Léa Drucker in „A Woman’s Life“
Léa Drucker in „A Woman’s Life“ (© Cannes 2026/Les Films Pelléas98)

 

„Quelques mots d’Amour“ (deutsch: Einige Worte der Liebe) von Rudi Rosenberg knüpft am anderen Ende der sozialen Leiter an und kreist um den Kampf einer alleinerziehenden Mutter (Hafsia Herzi) in einer Pariser Hochhaussiedlung, die ihre kleine Familie zusammenhalten möchte. Denn ihre heranwachsende Tochter besteht darauf, ihren leiblichen Vater kennenzulernen, der alle ihre Kontaktversuche negiert hat. Die manische Suche der Tochter bedroht die innere Balance des Familienlebens, zumal diese immer krassere Formen annimmt. In ihrer Verzweiflung setzt die Teenager-Tochter alles aufs Spiel und ist zunehmend nicht mehr in der Lage, zwischen realen Bedürfnissen und imaginären Sehnsüchten zu unterscheiden. Bis sie mit unschöner Wucht gegen die harte Wirklichkeit stößt.

 

Fluch & Segen der Fantasie

Reale Männer spielen in dieser Welt nur am Rande eine Rolle, als alternde oder hilflose Gestalten, die nicht weiter stören oder auffällig werden. Die Frauen haben damit ein pragmatisches, im Falle der Mutter auch stolzes Auskommen gefunden, das sie in ihrer emotionalen Stabilität nicht (mehr) tangiert. Als Plädoyer für Unabhängigkeit ist das eine schöne Vision, zumal es die solidarische Verbundenheit der Frauen unterstreicht und in der Sorge um Menschen und Tiere höchst sympathische Züge annimmt.

Wie wenig selbstverständlich eine solche Utopie ist, führt Asghar Farhadi in seiner raffinierten Spiegelfechterei „Histoires parallèles“ vor Augen. Eine alternde Schriftstellerin (Isabelle Huppert) greift für ihre seichten Unterhaltungsromane gerne Elemente aus der Nachbarschaft auf und verschiebt diese ins Imaginäre. So späht sie mit einem alten Fernrohr eine gegenüberliegende Wohnung in Paris aus, in der zwei Brüder und eine Mitarbeiterin (Virginie Efira) in einem Tonstudio Filme vertonen.

Hafsia Herzi in „Quelques mots d’Amour“
Hafsia Herzi in „Quelques mots d’Amour“ (© Cannes 2026/Chi-Fou-Mi Productions)

 

Der Film spielt dabei so geschickt mit der Vermischung von Fiktion und Realität, dass man eine gute Weile braucht, um die unterschiedlichen Ebenen auseinanderzuhalten. Erschwert wird das, als sich die alte Frau von ihrer Nichte einen jungen Helfer aufdrängen lässt, der ihre Groschenromane geradezu frisst und seinerseits die Geräuschemacher auszuspähen beginnt, wobei sich seine Einbildungskraft eher an erotischen Fantasien entzündet. Als er sich bei der Frau von gegenüber als angehender Schriftsteller ausgibt und ihr Kostproben aus der Feder der Autorin zum Lesen gibt, entwickelt sich ein ebenso kompliziertes wie herausforderndes Spiel mit Zuschreibungen, Täuschungen und Manipulationen.

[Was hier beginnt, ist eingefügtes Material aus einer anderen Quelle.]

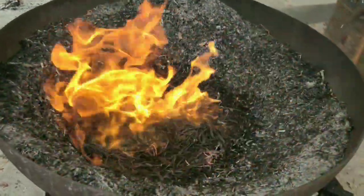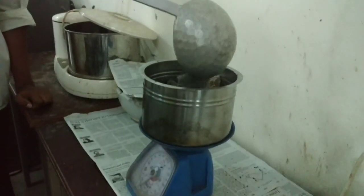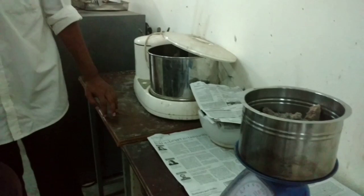The ash produced is taken and weighed. From 10 kg of Abamarga, we obtained about 900 g of ash.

In dem höchst vielschichtigen, aber auch recht unterhaltsamen Geflecht von „Histoires parallèles“ heben sich zwei Elemente besonders deutlich ab: einmal die visuelle Kunst des Films, mit den Versatzstücken der unterschiedlichen Ebenen so zu spielen, dass sie zunächst schwer, dann aber sehr klar zu unterscheiden sind, weil insbesondere Virginie Efira mit wenigen Nuancen ihre Figur einmal ins Erotisch-Verführerische transferiert, mal wieder auf den nüchternen Boden der Realität zurückholt. Das gilt insbesondere für eine Missbrauchsszene, in der sie von einem ihrer Kollegen urplötzlich bedrängt wird, weil der zwischen Fantasie und Realität nicht mehr unterscheiden kann.

Der Schock des Übergriffs sitzt bei ihr so tief, dass sich die Welt in vorher und nachher teilt und nichts mehr so bleiben kann, wie es war. Virginie Efira und die Inszenierung arbeiten das mit einer schneidenden Klarheit heraus, wie man sie selten gesehen hat. Auch das ist ein Moment, der in der „Frauen“-Frage zählt: die Kunst, mit den Mitteln des Kinos in einer Weise „Nein“ zu sagen, die keine Widerrede duldet.